Yarabbi, artık bıktık bunlardan!
Bir onlara bakın bir de bize.
Onlar dediğim gelişmiş ülkeler.
Onlar neyin peşindeler biz neyin peşindeyiz?
Kaç gündür aç ve yoksul bırakılan Türkiye'nin gündemi, bir tek kişinin makam ve statü sorunuyla çalkalanıyor.
Evet evet… Günlerdir 83 milyonluk koca Türkiye olarak, bir tek kişinin makama gelişi, statü kazanması veya kazanamaması meselesinin derdindeyiz. Koca ülkenin polisi, jandarması teyakkuz halinde.
Açık veren bütçemizden benzini, mazotu bunun için harcıyoruz.
Öğrenciler bunun için yerlerde sürünüyor. Hâlbuki atama kararnamesi imzalanmadan az evvel her yer sakindi. Ülke, kendi derdine yanıyordu. Konumuz, aşı, esnaf, ekmek kuyruğu idi.
Sonra hava birden puslandı.
Her yer kararmaya başladı. Artık bütün dünya, Melih Bulu diye bir adamın etrafında koparılan fırtınaya çevrildi.
Gelişmemişlik böyle bir şey işte.
Sadece ülkeler ve toplumlar gelişmez, insanlar ve tek tek bireyler de gelişir ve kalkınır. Kalkınmamışlık, gelişmemişlik, hem ekonomik ve hem de sosyal sorundur.
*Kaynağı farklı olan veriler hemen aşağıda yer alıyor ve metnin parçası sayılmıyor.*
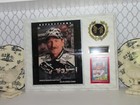 Dale Earnhardt Marble Plaque     gb5  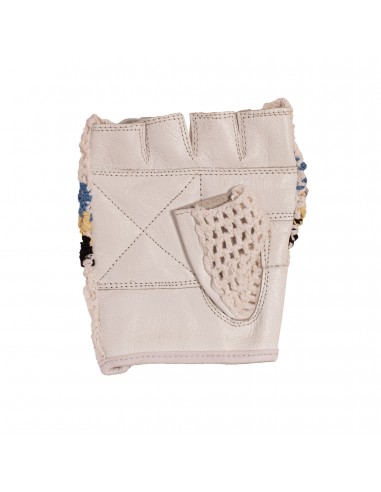 Par de guantes rejilla
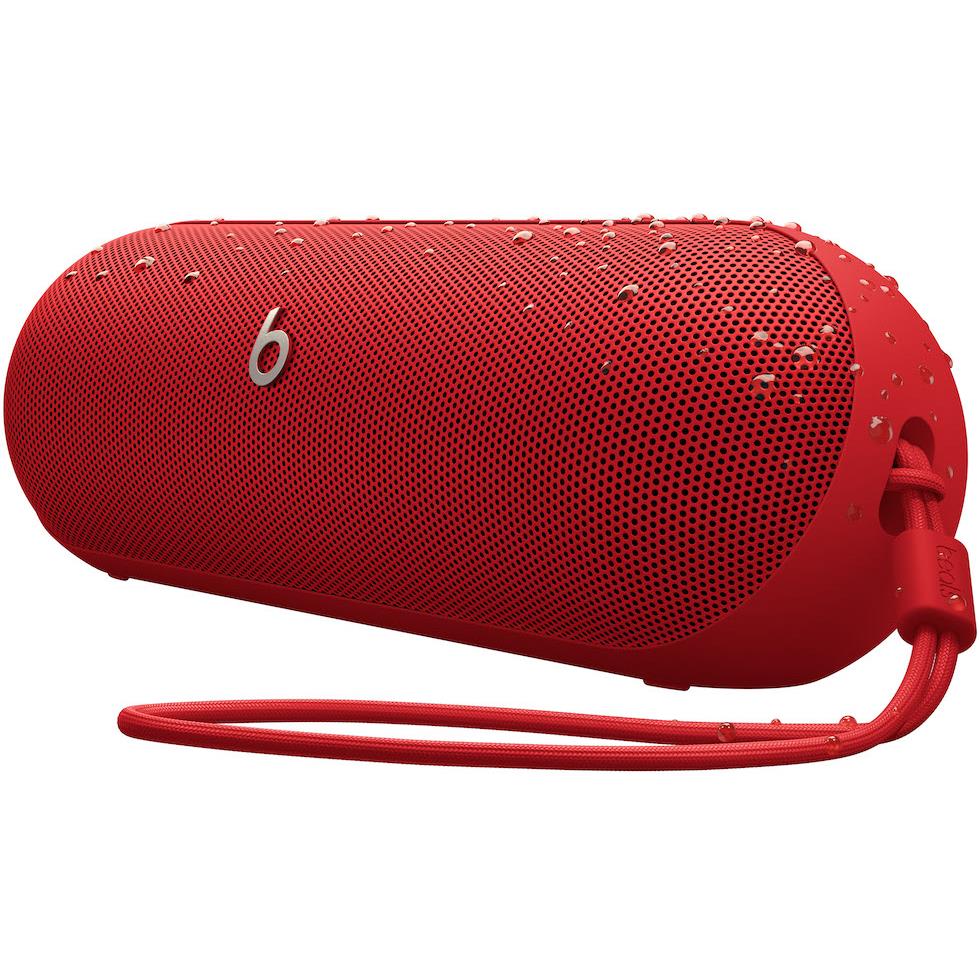 Beats Pill Wireless Bluetooth Speaker (Statement Red) - Image 7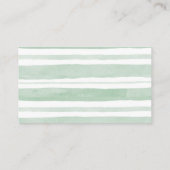 ウッドランドフォレストベビーショアオムツラッフル エンクロージャーカード (裏面)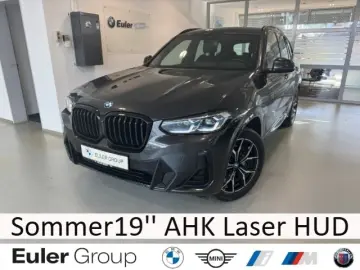 X3 30e M-Sport Sommer19'' AHK Laser HUD Hifi Inn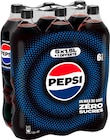 Promo PEPSI Zéro sucres à 6,10 € dans le catalogue Cora à Villeneuve-Saint-Germain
En kötüsü de sosyal gelişmemişliktir. Çünkü bu, eğitimle, fikirle, felsefeyle, düşünsel zihin artırımıyla ilgilidir.
Bir köy ağası düşünün onlarca köyü ve buradan sağladığı geliri, dolayısı ile parası olsun. Zengindir. Ama okuma-yazması kıt, paralı ve fakat kalkınmamış kişidir. Tıpkı bunun gibi, sosyal kalkınmamışlık, bir idrak gelişmesinin göstergesidir.
İçinde bulunduğumuz duruma bakın: Bir kaşık suda fırtına kopuyor. İç işleri, dış işleri, Cumhurbaşkanlığı, muhalefet, hatta ABD bile bir rektör atamasını kendine büyük dert edinerek var güçleriyle çabalıyor. Hâlbuki eninde sonunda bir eğitim kurumuna yönetici atanacak. Atamasını yaparsın biter değil mi?
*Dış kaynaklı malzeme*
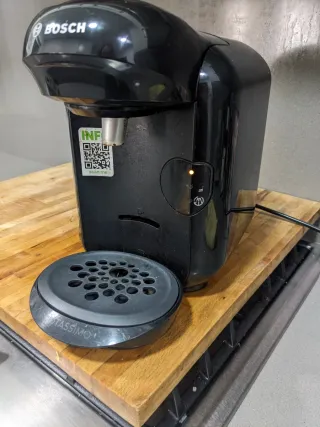 Cafetera Bosch Tassimo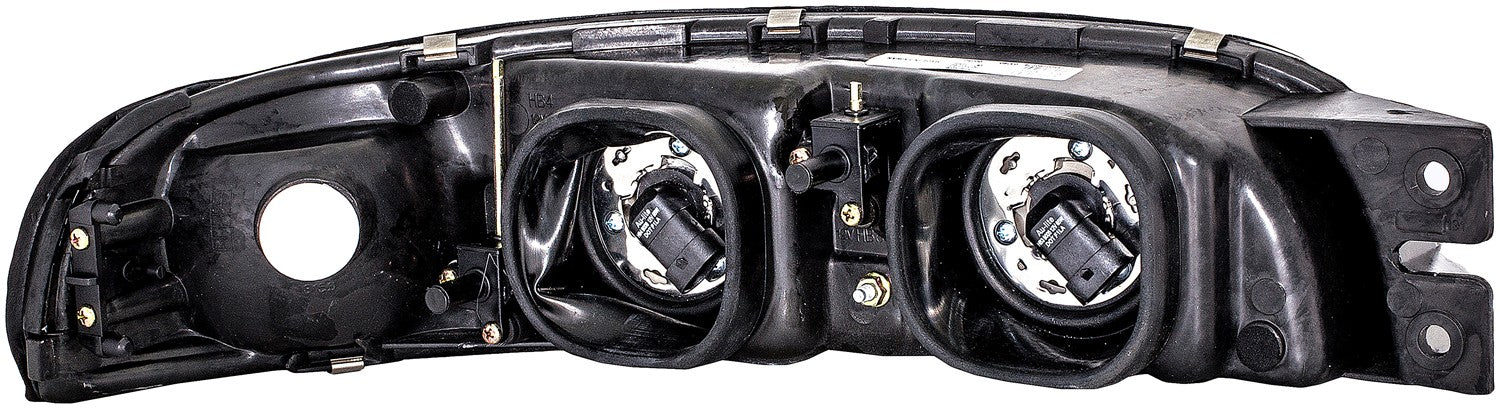 Left Headlight Assembly for Buick LeSabre 1999 1998 1997 P-1064583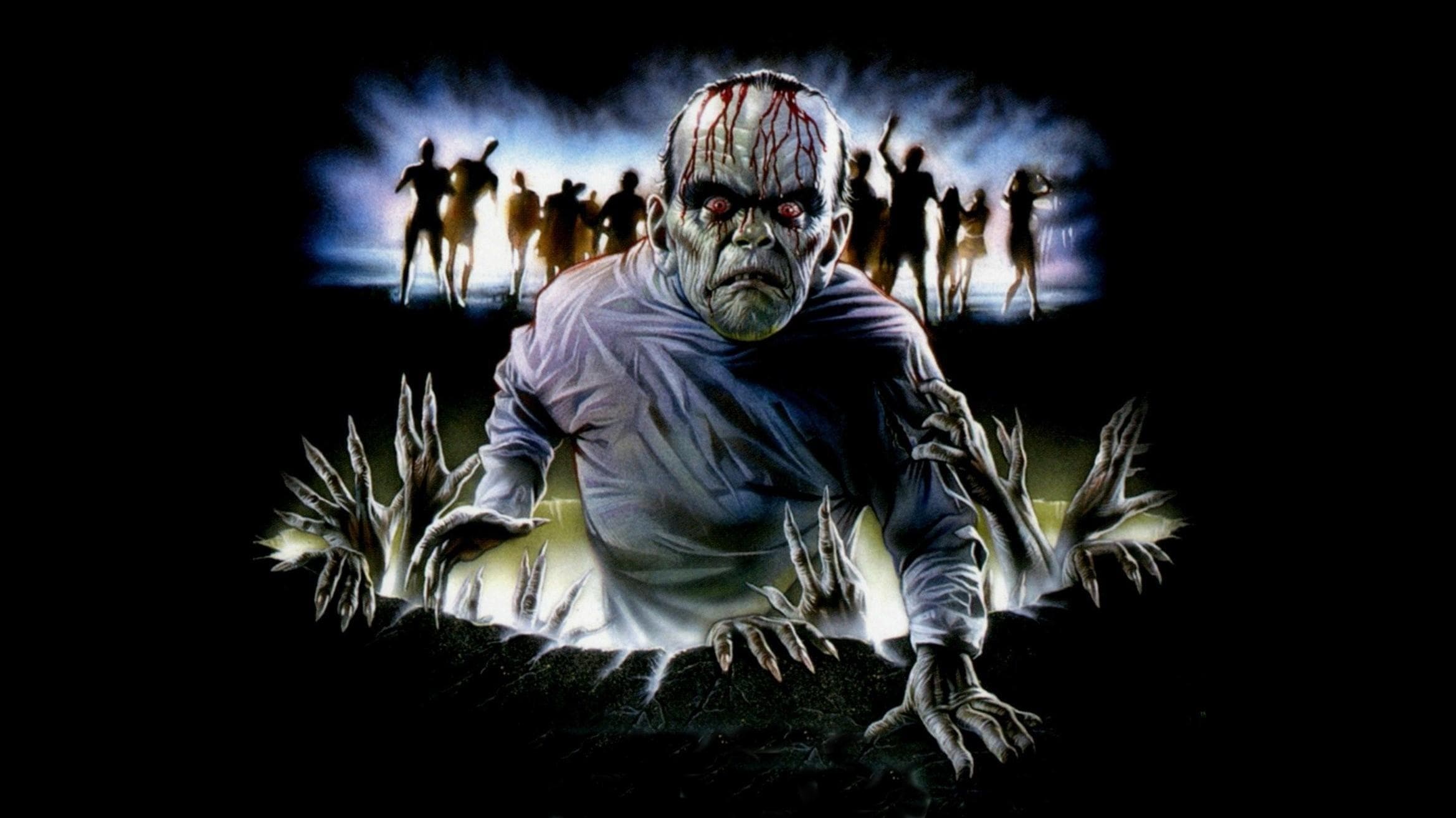 Poster backdrop for The Dead Pit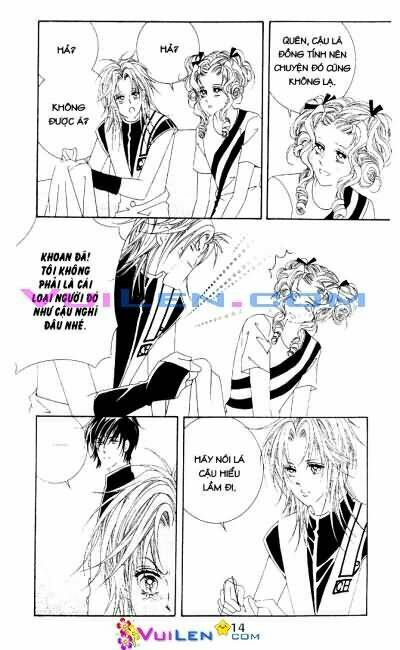 người duy nhất chapter 38 15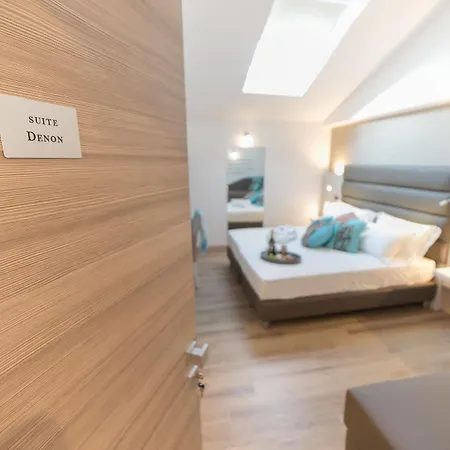 Bed & Breakfast Palazzo Sisto Exclusive 2*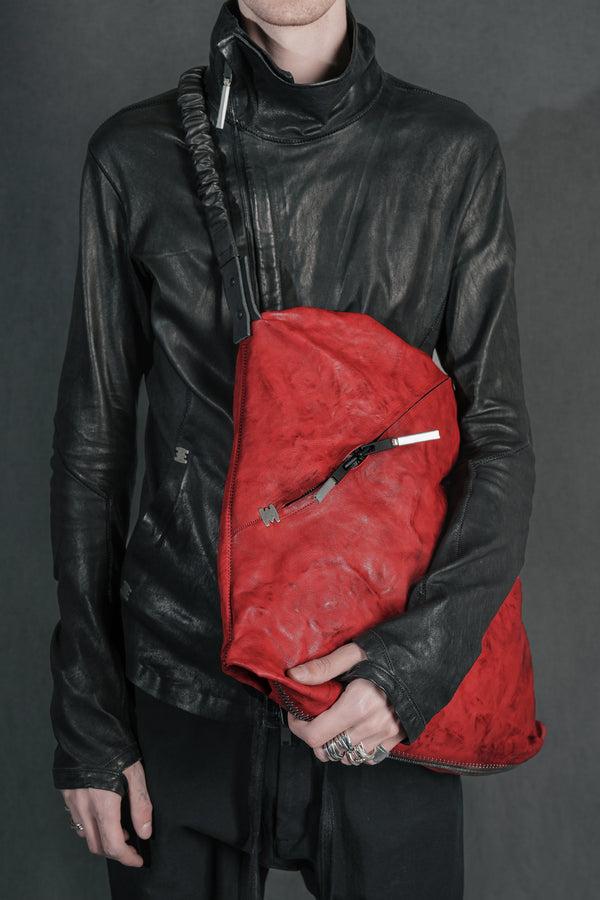 isaac sellam experience BALLADEUR CRASSE POUILLE ROUGE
Hayır, benim ülkemde öyle değil. Öyle bir atama yaparsın ki, bile bile kavgaya çanak tutarsın. Zaten kavga konusunda şerbetli olan benim aydınlarım, anında saflarını belirleyecektir. Nitekim öyle olmuyor mu? Hepimizin safı belli.
Sen haklısın, ben haklıyım…
Bu arada gücü yeten, bastırıp kendi haklılığını herkese kabullendirme derdine düşer.
Ey akıl, her neredeysen çık da gel.
Bir, el âlemin ülkesine bak, bir de bize. Onların uğraştıklarına bak, bizim uğraştıklarımıza. Onların politikacılarına ve hükümetlerine bak, bir de bize.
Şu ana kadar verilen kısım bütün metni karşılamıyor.